The surviving young male was still in good health when Paul’s new and repaired instruments finally arrived in mid-1864. Just as he’d done with the chimpanzee, he penned the gorilla in a box and gave the captain of a ship an ample store of bananas to feed the animal. As incentive, Paul promised the captain an extra hundred pounds if the gorilla made it to London alive. Paul even guaranteed the cargo by registering it in care of a mari
time insurance firm. “I had sent him consigned to Messrs. Baring, who, I am sure, never had any such consignment before,” he wrote.
Paul watched the canoe carrying the gorilla get drenched by breakers, and he could see that the dousing only made the animal more angry. Paul hoped that fiery spirit wouldn’t be entirely dampened by the long journey on the steamer; he wanted his friends to see the animal with its aggression intact. If a gorilla jumped out of that box dockside in England, blind with panicked rage, Paul knew none of those spectators would again accuse him of exaggerating the gorilla’s menace.
BEFORE HIS instruments arrived, Paul wrote a letter to John Murray requesting a copy of the book Cosmos, by Alexander von Humboldt.
Humboldt had been an invisible guiding hand behind all the how-to-explore books that Paul had studied. The German explorer had journeyed widely throughout Central and South America between 1799 and 1804, and his Personal Narrative of Travels to the Equinoctial Regions of America had set the standard for exploratory narratives. As a meticulous observer of natural phenomena, Humboldt was the model for generations of scientific travelers, and handbooks like What to Observe and The Art of Travel repackaged many of his ideas to advise would-be explorers exactly where their attentions should be directed.
Cosmos was Humboldt’s ultimate statement, a manifesto celebrating the essential interconnectedness of the universe’s natural processes. He published the first volume of the five-volume work in Germany in 1844, and it wasn’t released as a complete edition in English until 1858. Drawing on Humboldt’s lifetime immersion in scientific fields that ranged from geology to botany, the book’s driving idea is that the natural world is wholly relational: a “chain of connection, by which all natural forces are linked together, and made mutually dependent upon each other.” The highest calling of man, he believed, was to perceive the existence of these connections.

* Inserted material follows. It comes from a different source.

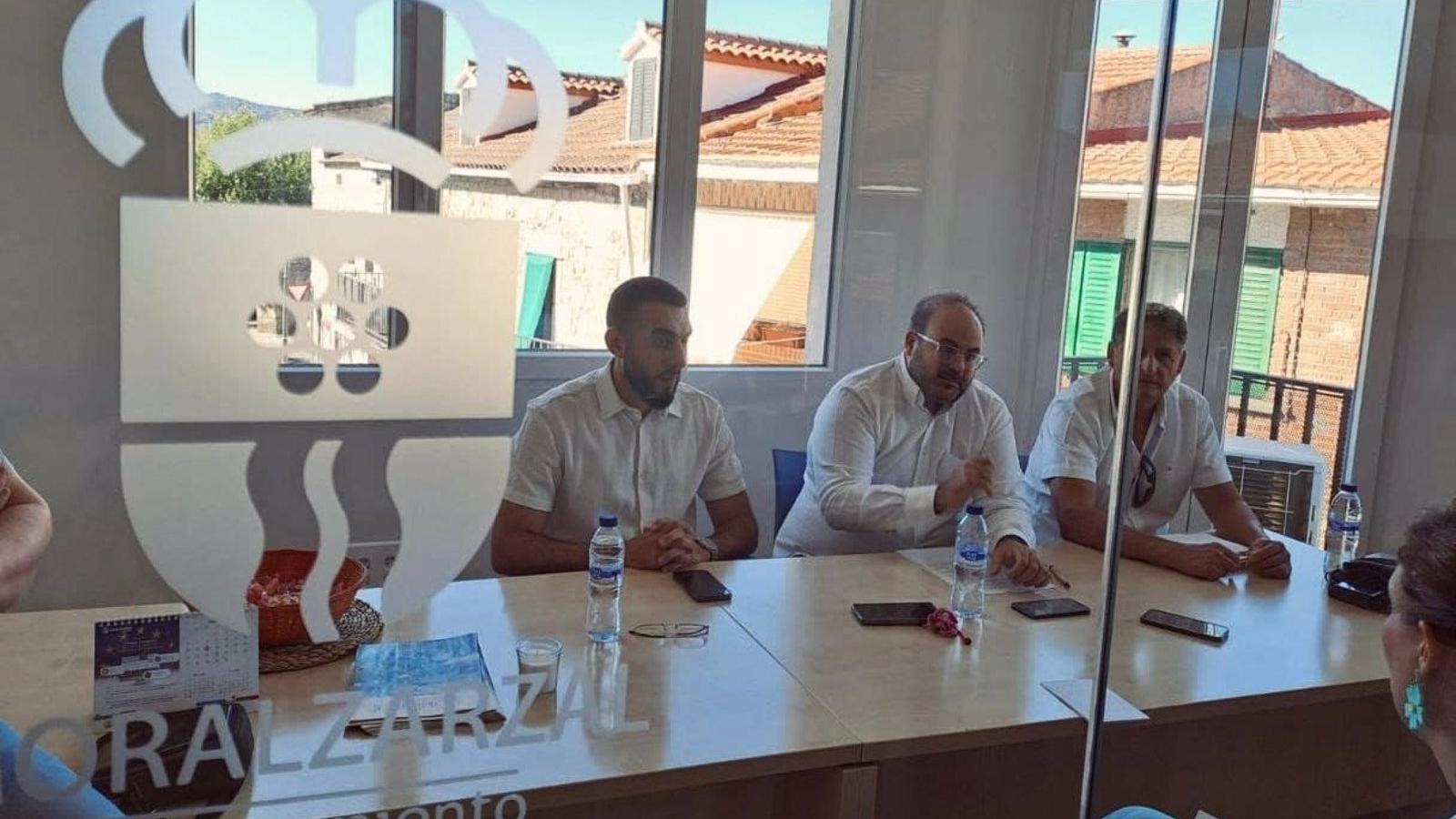 Un manifiesto contra la violencia política en Moralzarzal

Humboldt was full of ideas that would have made a strong impression on Paul, though some of them directly challenged the worldview that he’d subscribed to during his first expedition. Humboldt didn’t particularly like sportsmen, and in his book on South America he disparaged the “troops of marauders, who roam over the steppes killing the animals merely to take their hides.” With the publication of Cosmos, Humboldt was advancing ideas that presaged the ecological movement of the next century. Around the same time that Paul read the book, it was helping to inspire a burgeoning realization that mankind could permanently and adversely alter nature by altering the chain of connections. Ralph Waldo Emerson and Henry David Thoreau, who had read parts of Cosmos as early as 1845 and 1850, respectively, helped spread Humboldt’s influence among English-language readers, but none reinterpreted his ideas as forcefully as George Perkins Marsh, whose 1864 book, Man and Nature, would prove to be the seminal document for the conservation movement. Marsh suggested that when human beings targeted certain species for slaughter or destroyed a part of the environment, it could result in consequences no one could have foreseen.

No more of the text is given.